О пяти годах службы в Кронштадте Новиков-Прибой так позже напишет в своей «Цусиме»:
«За пять лет службы я много пережил… и плохого и хорошего. Там, по Господской улице, нашему брату, матросу, разрешалось ходить только по левой стороне, словно мы были отверженное племя. На воротах парков были прибиты дощечки с позорнейшими надписями: „Нижним чинам и собакам вход в парк воспрещён“. Мытарили меня с новобранства, чтобы сделать из меня хорошего матроса, верного защитника царского престола».
Мытарства новобранцев начинались с шести утра. Под побудку горниста матросы вскакивали; боясь потерять лишнюю секунду, одевались и заправляли койки; обжигаясь, пили чай с чёрным хлебом и, наконец, толкаясь, выстраивались. Начиналась утомительная «гимнастика», которая была тем бессмысленнее, чем в более плохом расположении духа находился инструктор. Самым ненавистным упражнением было прыганье на корточках в затылок друг другу до тех пор, пока матросы не начинали в изнеможении валиться на пол. Потом новобранцев выгоняли во двор: на маршировку и упражнения с ружьями. Положенный после обеда короткий отдых часто отнимали: заставляли колоть и пилить дрова. До вечера — снова маршировали. А потом начиналась так называемая «словесность»: измученным матросам вдалбливали флотский устав и имена-фамилии царствующей семьи и флотских отцов-командиров. Об этом позднее Новиков-Прибой будет с болью вспоминать в рассказе, который так и назовёт — «Словесность», а затем перенесёт сюжет этого рассказа в роман «Капитан 1-го ранга».

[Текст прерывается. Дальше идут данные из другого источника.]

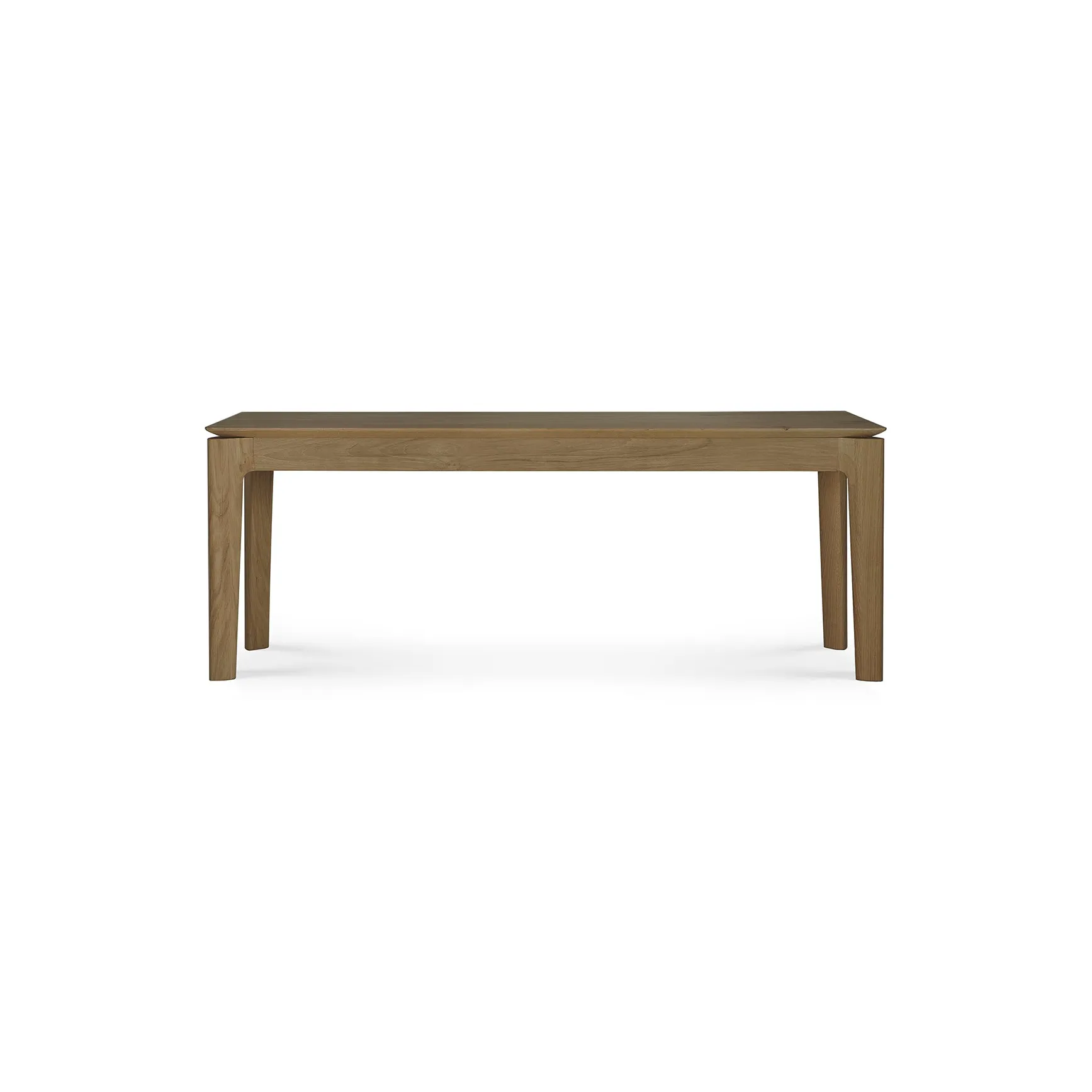 Bok Bench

Рассказ был написан спустя десять лет после «Письма одного матроса к брату», но, по существу, является его продолжением, поскольку повествование в нём снова ведётся от имени новобранца и выдерживается в той же тональности. Но здесь уже присутствуют такие характерные для рассказа элементы, как завязка, кульминация и развязка. Есть конфликт. Есть замах на художественность. Видимо, поэтому рассказ «Словесность», обладающий достаточно мощным зарядом драматизма, производит более сильное впечатление, чем «Письмо…», хотя «неприятных» моментов службы новобранцев в нём собрано гораздо больше, чем в этом рассказе.

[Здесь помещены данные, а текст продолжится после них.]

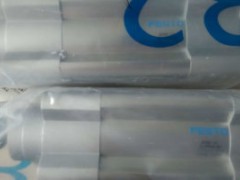 ^/FESTO S(chng)ֱN(xio)F؛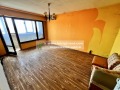 Продава 2-СТАЕН, град Хасково, Орфей • 95000 лв. • 68536231 — Holmes.bg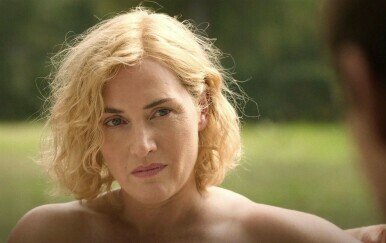 Kate Winslet - 2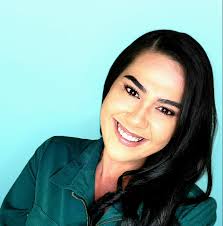 Brian Verberne, Realtor, Realty One Group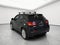 2011 Mitsubishi Outlander Sport SE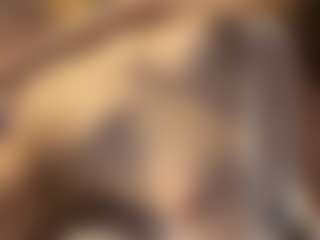 kendyfyre222's Live Sex Cam Show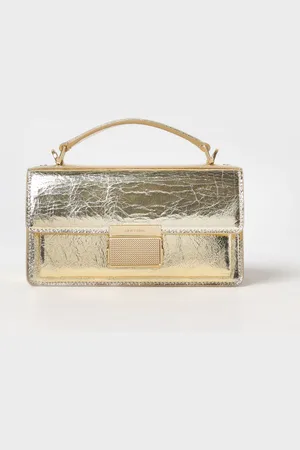 Golden Goose Mini Bag Woman colour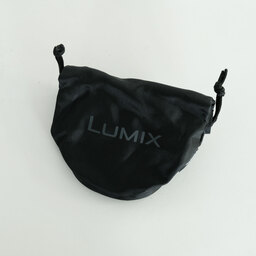 Panasonic LUMIX G MACRO 30mm F2.8 ASPH. MEGA O.I.S. Panasonic LUMIX G MACRO 30mm F2.8 ASPH. MEGA O.I.S.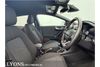 Ford Puma Ford Puma 1.0L EcoBoost Hybrid 155PS ST-Line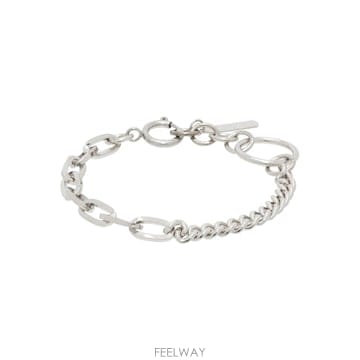 | Other Brand | Justine Clenquet �ϸ� �극�̽��� HARI BRACELET TP876329652Justine Clenquet �ϸ� �극�̽��� HARI BRACELET TP87632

«Словесность» — это и есть, по существу, один из многих, и, пожалуй, самых жутких эпизодов из жизни начинающих матросов. Почему-то именно на «словесности» инструкторы-изуверы отводили душу (хотя о какой душе может идти речь?), избивая новобранцев в кровь и стараясь выбить из них главное — человеческое достоинство.
На некоторое время оставив Капитонова, инструктор переключается на других «подопечных», потом с удовольствием застаёт его врасплох, заставляя повторить правильный ответ рассказчика, друга Капитонова, на один из своих вопросов. Капитонов не справляется. Не желая затруднять себя больше, Храпов приказывает рассказчику «смазать разок» друга «по карточке». Тот отказывается. А дальше происходит следующее:
«Храпов стиснул зубы. Лицо у него стало багровым. Сверкая глазами, он несколько секунд смотрел на меня молча, а потом строго приказал:
— Капитонов! Если он не того, то ты ему пару горячих привари!